3. On the Resignation Date, the Company shall pay to the Executive a lump sum payment equal to the aggregate of: (i) any outstanding wages earned by him up to the Resignation Date, (ii) any outstanding vacation pay owed to the Executive in respect of service up to the Resignation Date, and (iii) a lump sum payment of CDN$285,000 as bonus.

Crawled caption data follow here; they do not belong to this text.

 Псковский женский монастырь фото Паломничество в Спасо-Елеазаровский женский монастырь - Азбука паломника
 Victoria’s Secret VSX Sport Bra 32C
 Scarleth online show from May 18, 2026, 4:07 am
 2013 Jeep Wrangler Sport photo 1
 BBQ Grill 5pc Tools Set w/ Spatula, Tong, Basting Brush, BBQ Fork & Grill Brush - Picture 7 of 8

4. Following the Resignation Date, the Company shall pay to the Executive:
(a) for a period of two years, continued salary payments at CDN$375,000.00 per year plus all benefits (including car allowance of CDN $9,600 per year) described in the Existing Employment Agreement payable monthly commencing on the Resignation Date;
(b) for a period of two years, a bonus in the amount of CDN$23,750 payable monthly commencing on the Resignation Date;
(c) a monthly payment of US$10,000 for a period of 12 months following the date hereof payable on the first day of each month commencing on July 1, 2005.

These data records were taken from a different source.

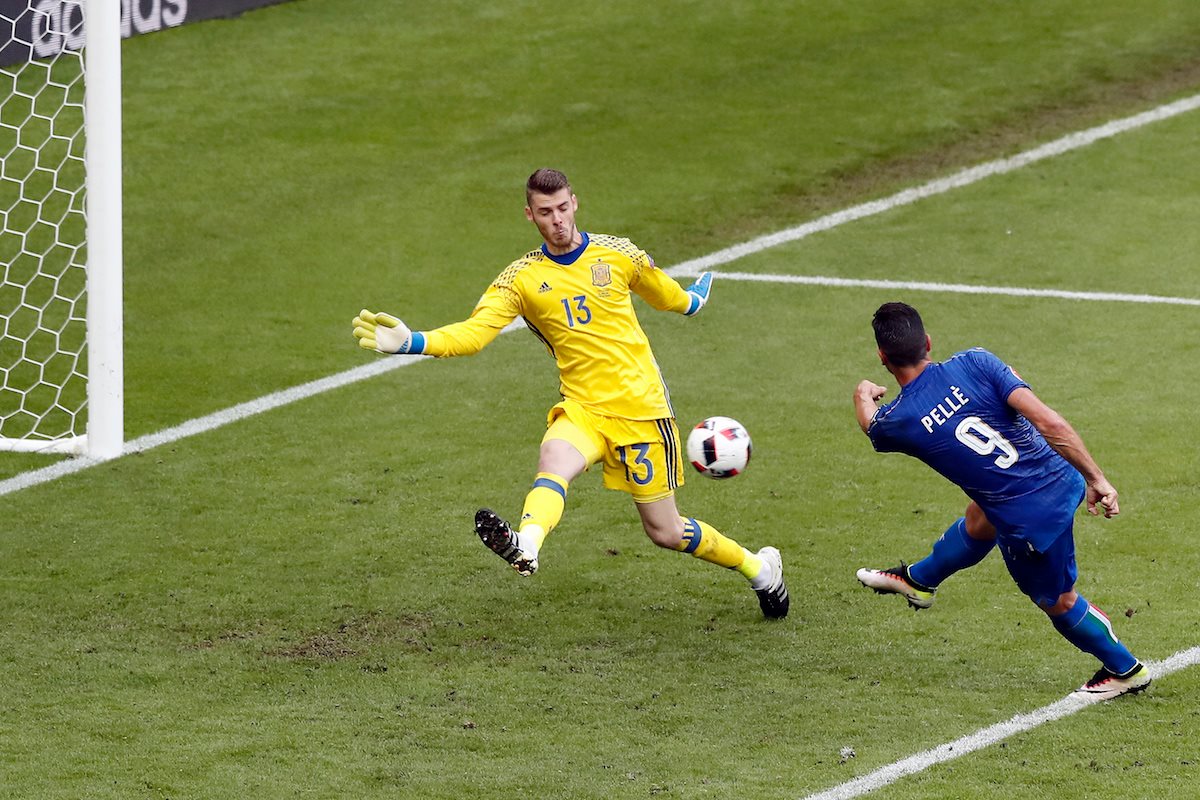 Italia venció 2- a España y avanza a cuartos de la Euro. Foto: AP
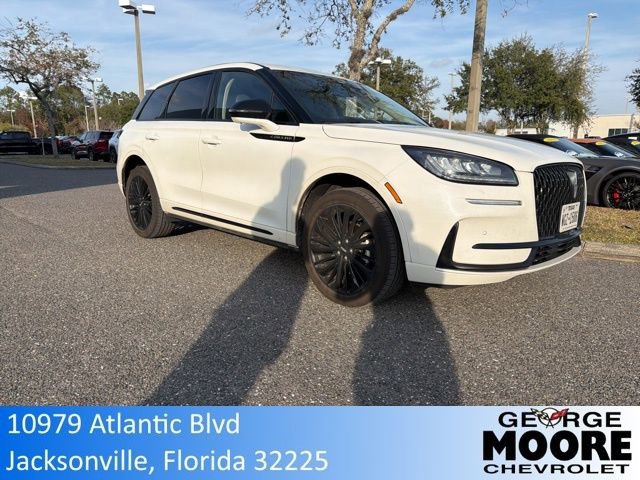 2023 Lincoln Corsair Base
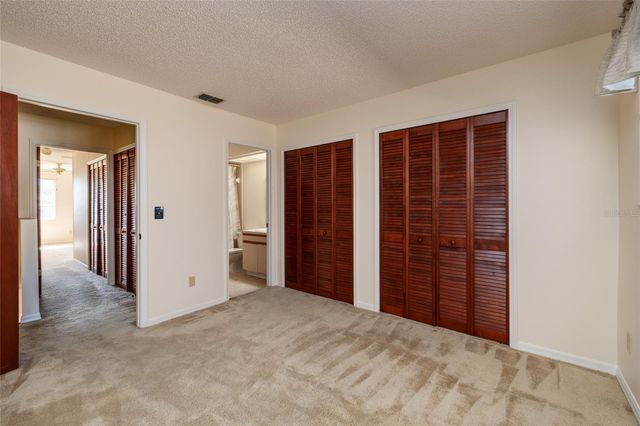 9252 WESTLINKS TERRACE, Seminole, FL 33777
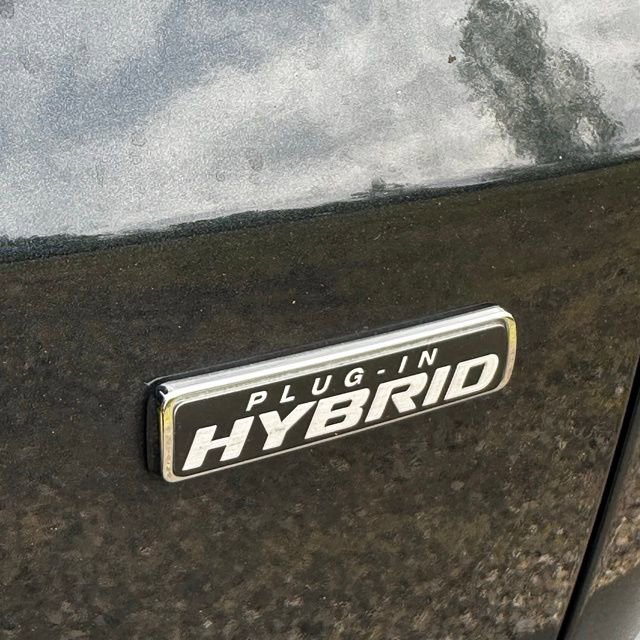 Used 2022 Ford Escape Titanium w/ Titanium Premium Package image 33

5. The Company and the Executive acknowledge and agree that the Executive is currently bound by the terms of a non-competition covenant and a non-solicitation covenant (collectively, the Non-Competition Covenant) contained in paragraph 7 of an employee confidentiality and intellectual property assignment agreement between the Company and the Executive dated November 8, 2002 (the Confidentiality and IP Assignment Agreement), which Non-Competition Covenant is operative for a period of one year following the termination of employment of the Executive. The Company and the Executive hereby agree that the Non-Competition Covenant contained in the Confidentiality and IP Assignment Agreement is hereby amended so that (i) it will be operative for a two year period following the Resignation Date (instead of one year) and (ii) in addition to the description of the restricted businesses contained therein, it will also apply to any business that is in competition with the business of Merge and its affiliates (and not just Cedara) at the Resignation Date including the business of direct sales of medical imaging software, medical software platforms, medical software systems and related services to end users carried on by Merge or its affiliates at the Resignation Date and that all other terms of the Confidentiality and IP Assignment Agreement remain unamended with full force and effect. Notwithstanding the foregoing and the Confidentiality and IP Assignment Agreement, nothing herein or therein shall prohibit the Executive from creating or assisting any charitable organization or foundation in any activity.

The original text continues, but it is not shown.